А со мной говорили уклончиво, рукопись то ли принимали, то ли нет. Но на этот раз я не имел возможности взбрыкнуть и забрать текст из издательства. Макет был сделан еще до того, как обратились ко мне; отозвав рукопись, я подвел бы много достойных людей, а главное, ведь появление альбома с первыми за несколько десятков лет цветными репродукциями «Кандинских и Татлиных» само по себе могло бы стать событием, а его отмена — большой потерей. Я согласился на какие-то мелкие поправки, главное было не сорваться на мелочах и несколько усмирить гордыню. Ничего так и не было сказано до конца, в болоте умолчаний не было места ни мужеству, ни даже подлости. Советская рутина.

Когда стали переводить на английский язык и обратились к оригиналу книги Джона Рида «Десять дней, которые потрясли мир» (я, говоря о портретах Ленина, старался отделаться ридовскими цитатами), произошел скандал, быстро, умело и испуганно замятый: оказалось, в изданном у нас переводе пассажи Рида о Ленине были сильно отретушированы, например «бесцветное лицо» заменено на «облик, лишенный внешних эффектов»…

Альбом вышел, издавался и переиздавался на множестве языков. На Западе его поругивали за то, что «авангарда мало», у нас — что много. А в Вашингтоне, в нашем посольстве, как сообщала «Правда», устроена была пышная презентация.

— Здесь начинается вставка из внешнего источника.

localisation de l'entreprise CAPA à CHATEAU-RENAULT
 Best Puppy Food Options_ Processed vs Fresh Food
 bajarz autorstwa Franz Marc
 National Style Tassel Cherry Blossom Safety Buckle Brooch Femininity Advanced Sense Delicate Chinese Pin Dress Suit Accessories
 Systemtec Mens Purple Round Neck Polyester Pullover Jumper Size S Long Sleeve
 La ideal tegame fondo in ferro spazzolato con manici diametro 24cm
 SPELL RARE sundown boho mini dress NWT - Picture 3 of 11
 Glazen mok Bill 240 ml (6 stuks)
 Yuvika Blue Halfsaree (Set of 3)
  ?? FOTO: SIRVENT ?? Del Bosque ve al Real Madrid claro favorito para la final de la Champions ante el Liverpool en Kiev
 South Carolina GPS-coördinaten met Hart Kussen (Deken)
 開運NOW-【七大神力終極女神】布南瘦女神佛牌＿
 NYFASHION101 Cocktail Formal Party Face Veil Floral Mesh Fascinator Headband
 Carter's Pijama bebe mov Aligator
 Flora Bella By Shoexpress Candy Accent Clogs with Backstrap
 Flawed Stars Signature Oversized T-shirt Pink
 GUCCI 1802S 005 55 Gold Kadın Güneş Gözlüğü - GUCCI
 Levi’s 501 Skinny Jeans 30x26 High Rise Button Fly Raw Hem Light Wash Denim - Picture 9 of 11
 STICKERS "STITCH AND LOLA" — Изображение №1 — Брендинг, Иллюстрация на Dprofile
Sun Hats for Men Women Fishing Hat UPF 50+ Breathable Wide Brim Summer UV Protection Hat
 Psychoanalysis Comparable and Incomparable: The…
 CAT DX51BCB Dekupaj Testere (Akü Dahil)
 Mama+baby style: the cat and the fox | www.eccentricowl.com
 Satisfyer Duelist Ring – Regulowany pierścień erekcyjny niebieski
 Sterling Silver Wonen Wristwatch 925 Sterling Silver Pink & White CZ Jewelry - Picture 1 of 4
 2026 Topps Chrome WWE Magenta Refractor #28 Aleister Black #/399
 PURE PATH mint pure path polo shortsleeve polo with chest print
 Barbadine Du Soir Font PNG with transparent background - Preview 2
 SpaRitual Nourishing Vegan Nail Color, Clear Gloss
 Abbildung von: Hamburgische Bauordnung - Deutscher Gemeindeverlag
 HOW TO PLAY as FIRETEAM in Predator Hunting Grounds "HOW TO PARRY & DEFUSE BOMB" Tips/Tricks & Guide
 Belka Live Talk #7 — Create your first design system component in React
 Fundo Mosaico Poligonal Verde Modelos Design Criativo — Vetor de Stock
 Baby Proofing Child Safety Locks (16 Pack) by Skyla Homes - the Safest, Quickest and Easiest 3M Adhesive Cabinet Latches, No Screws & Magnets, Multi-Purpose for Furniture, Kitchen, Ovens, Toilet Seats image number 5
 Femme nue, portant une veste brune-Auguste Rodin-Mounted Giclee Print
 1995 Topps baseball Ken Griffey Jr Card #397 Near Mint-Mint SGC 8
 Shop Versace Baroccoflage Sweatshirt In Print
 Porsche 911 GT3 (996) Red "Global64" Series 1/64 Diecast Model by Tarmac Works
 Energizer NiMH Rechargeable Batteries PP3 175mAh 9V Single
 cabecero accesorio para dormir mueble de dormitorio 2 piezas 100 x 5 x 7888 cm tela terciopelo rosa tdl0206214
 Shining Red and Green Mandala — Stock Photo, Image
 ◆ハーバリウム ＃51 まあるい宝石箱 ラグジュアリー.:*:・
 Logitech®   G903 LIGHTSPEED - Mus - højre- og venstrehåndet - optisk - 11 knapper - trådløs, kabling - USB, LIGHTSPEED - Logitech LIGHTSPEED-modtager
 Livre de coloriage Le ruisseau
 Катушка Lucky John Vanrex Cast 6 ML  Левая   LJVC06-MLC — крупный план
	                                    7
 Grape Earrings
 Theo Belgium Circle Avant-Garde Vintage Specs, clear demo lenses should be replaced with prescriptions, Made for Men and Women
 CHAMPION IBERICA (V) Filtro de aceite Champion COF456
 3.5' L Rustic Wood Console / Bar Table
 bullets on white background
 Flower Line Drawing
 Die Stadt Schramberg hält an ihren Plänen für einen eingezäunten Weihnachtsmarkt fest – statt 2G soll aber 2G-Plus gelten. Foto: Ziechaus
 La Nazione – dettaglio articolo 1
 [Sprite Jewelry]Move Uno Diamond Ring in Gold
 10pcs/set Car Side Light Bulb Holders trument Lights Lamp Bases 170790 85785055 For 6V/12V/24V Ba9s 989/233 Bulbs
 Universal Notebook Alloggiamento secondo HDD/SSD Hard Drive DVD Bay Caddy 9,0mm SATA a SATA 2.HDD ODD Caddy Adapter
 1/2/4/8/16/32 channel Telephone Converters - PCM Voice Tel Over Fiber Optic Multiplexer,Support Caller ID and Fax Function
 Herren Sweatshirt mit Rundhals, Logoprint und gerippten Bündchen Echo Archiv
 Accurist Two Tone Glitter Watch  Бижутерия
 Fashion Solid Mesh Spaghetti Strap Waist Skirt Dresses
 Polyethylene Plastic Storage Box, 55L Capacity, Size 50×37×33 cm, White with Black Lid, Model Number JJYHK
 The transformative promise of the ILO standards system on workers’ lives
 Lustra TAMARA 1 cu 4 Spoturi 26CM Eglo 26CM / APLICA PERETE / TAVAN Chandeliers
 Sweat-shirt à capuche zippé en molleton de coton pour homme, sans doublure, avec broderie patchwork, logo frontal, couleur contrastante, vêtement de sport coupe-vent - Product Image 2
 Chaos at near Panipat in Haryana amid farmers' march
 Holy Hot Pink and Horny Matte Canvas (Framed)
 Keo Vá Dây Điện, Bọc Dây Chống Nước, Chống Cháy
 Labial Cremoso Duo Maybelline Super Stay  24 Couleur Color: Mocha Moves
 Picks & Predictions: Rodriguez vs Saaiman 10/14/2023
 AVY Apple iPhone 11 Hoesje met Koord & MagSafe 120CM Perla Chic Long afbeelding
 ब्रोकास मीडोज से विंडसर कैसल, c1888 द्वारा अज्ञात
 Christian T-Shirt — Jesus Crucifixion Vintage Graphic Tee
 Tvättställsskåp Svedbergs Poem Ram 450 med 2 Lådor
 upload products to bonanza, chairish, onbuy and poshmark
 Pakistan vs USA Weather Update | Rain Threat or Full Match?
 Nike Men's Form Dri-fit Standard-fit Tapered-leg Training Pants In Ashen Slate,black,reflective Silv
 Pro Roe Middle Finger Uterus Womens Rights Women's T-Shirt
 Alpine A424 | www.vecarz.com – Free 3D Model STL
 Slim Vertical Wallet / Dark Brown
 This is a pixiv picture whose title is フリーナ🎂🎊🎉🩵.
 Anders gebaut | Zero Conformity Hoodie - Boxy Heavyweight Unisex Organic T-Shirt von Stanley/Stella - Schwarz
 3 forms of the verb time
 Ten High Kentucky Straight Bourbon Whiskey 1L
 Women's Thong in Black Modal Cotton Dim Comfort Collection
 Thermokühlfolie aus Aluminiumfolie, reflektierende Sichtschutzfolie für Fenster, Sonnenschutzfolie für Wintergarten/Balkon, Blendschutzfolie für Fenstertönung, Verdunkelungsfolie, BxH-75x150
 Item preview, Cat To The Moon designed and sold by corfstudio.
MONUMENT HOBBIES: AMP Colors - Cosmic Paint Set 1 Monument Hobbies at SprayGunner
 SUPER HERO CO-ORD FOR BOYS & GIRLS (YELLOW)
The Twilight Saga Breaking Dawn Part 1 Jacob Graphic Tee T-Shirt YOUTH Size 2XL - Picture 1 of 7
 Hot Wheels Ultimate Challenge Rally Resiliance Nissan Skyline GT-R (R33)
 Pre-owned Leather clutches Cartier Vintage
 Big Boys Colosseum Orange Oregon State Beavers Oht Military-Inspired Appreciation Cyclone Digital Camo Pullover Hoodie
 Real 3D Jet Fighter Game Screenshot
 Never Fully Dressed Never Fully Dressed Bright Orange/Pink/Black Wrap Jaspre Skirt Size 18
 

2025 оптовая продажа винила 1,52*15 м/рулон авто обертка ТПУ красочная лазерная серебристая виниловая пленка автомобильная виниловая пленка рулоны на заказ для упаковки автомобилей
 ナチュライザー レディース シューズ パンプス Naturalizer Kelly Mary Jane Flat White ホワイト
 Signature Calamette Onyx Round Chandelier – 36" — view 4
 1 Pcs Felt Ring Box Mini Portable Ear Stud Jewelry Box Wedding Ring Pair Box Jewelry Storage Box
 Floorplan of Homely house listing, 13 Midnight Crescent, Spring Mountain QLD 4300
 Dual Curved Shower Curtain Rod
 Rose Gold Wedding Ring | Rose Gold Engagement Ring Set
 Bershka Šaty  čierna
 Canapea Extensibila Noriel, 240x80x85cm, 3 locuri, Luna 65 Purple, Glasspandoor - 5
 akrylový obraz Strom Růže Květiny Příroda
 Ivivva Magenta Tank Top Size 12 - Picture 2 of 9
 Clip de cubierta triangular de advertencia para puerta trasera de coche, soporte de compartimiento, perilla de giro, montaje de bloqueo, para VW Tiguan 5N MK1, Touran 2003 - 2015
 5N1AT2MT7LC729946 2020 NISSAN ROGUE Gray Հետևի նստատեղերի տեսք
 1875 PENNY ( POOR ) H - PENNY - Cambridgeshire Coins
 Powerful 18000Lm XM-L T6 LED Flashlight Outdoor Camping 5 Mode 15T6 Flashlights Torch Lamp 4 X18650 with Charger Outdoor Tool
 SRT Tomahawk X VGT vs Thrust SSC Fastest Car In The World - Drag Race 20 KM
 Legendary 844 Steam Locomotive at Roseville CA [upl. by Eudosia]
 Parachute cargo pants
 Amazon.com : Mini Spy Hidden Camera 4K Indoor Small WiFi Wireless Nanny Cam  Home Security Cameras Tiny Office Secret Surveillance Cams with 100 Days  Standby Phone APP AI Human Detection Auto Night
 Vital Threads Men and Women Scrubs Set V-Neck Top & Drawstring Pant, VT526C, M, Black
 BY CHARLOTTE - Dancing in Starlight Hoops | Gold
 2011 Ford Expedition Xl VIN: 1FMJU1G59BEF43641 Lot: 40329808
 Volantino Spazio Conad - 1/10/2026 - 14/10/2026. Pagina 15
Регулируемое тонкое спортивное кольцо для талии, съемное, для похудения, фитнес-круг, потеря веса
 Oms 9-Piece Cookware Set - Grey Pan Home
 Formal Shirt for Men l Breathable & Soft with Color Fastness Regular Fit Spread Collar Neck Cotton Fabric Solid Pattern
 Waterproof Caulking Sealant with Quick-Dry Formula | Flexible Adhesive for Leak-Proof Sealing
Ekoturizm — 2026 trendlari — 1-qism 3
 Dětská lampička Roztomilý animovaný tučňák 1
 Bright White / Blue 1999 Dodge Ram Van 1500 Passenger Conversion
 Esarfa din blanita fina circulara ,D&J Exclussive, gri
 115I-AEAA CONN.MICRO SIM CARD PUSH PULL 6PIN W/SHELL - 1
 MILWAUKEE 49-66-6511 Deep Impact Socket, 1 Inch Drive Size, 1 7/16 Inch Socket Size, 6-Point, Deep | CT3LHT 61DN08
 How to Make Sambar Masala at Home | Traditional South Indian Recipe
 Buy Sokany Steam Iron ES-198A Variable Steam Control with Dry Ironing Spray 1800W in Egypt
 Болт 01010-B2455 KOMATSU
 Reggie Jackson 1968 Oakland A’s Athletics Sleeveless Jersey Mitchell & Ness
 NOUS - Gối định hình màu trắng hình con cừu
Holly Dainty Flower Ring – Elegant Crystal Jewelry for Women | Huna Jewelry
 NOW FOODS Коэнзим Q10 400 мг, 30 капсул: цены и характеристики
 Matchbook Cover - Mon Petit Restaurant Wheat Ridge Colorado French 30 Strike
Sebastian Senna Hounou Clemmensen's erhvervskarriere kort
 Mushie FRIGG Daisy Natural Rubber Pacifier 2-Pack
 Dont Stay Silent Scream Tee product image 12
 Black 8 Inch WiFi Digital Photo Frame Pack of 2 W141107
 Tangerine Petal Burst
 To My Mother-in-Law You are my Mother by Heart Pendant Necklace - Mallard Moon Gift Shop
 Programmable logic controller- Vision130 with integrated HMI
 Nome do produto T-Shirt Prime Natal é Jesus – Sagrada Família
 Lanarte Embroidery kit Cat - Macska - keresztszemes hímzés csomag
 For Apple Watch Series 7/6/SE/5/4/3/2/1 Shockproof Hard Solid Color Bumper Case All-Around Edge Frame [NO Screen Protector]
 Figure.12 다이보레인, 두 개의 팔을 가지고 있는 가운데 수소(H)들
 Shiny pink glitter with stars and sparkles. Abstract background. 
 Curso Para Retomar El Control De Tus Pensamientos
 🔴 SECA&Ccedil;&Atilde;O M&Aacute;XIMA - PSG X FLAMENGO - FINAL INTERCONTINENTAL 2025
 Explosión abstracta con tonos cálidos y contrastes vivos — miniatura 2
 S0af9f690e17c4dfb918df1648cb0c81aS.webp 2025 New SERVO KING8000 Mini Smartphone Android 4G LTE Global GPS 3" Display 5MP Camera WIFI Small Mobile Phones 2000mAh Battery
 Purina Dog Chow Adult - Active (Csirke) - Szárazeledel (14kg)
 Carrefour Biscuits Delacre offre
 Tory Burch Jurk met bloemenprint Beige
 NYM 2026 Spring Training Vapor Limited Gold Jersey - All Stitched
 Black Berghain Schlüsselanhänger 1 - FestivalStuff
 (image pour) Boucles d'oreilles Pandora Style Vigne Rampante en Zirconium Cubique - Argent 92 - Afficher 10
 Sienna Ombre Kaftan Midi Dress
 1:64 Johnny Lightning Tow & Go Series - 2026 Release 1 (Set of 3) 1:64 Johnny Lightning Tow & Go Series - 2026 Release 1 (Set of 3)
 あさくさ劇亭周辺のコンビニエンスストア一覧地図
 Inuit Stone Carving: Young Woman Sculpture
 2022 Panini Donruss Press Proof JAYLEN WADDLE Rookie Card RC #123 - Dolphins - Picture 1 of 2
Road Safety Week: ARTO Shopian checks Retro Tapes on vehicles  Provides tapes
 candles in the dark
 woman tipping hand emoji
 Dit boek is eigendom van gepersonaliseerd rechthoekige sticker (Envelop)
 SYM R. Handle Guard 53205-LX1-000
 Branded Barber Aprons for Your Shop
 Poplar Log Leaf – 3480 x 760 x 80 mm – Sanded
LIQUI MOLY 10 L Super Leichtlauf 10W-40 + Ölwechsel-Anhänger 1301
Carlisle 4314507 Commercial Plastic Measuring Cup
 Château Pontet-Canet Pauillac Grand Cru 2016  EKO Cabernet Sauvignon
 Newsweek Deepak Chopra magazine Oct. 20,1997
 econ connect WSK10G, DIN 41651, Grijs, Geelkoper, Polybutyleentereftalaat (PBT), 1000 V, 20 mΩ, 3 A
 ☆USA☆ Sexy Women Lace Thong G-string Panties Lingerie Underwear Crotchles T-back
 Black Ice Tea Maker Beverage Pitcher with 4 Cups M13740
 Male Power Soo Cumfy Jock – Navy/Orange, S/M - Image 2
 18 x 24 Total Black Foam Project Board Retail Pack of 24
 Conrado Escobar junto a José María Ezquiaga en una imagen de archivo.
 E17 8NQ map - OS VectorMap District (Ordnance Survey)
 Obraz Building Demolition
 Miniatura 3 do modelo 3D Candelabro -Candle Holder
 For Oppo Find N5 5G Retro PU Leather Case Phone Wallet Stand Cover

С точки зрения здравого смысла уйти со службы в институте накануне защиты докторской диссертации было, наверное, непростительным легкомыслием. Во-первых, докторская степень сулила профессорство и многие другие блага, а во-вторых, процесс защиты для человека неслужащего многократно осложнялся. И поездка во Францию, о которой я продолжал мечтать, тоже стала более проблематичной. Оставался, правда, статус члена Союза художников, но доцент, покинувший институт! Секретов в Советском государстве не было, и невинный мой поступок вполне мог бы приобрести оттенок демонстративный, чего я вовсе не желал. Хотя расправа с Марком оставалась главной причиной моего ухода, даже если я не признавался в этом и себе самому.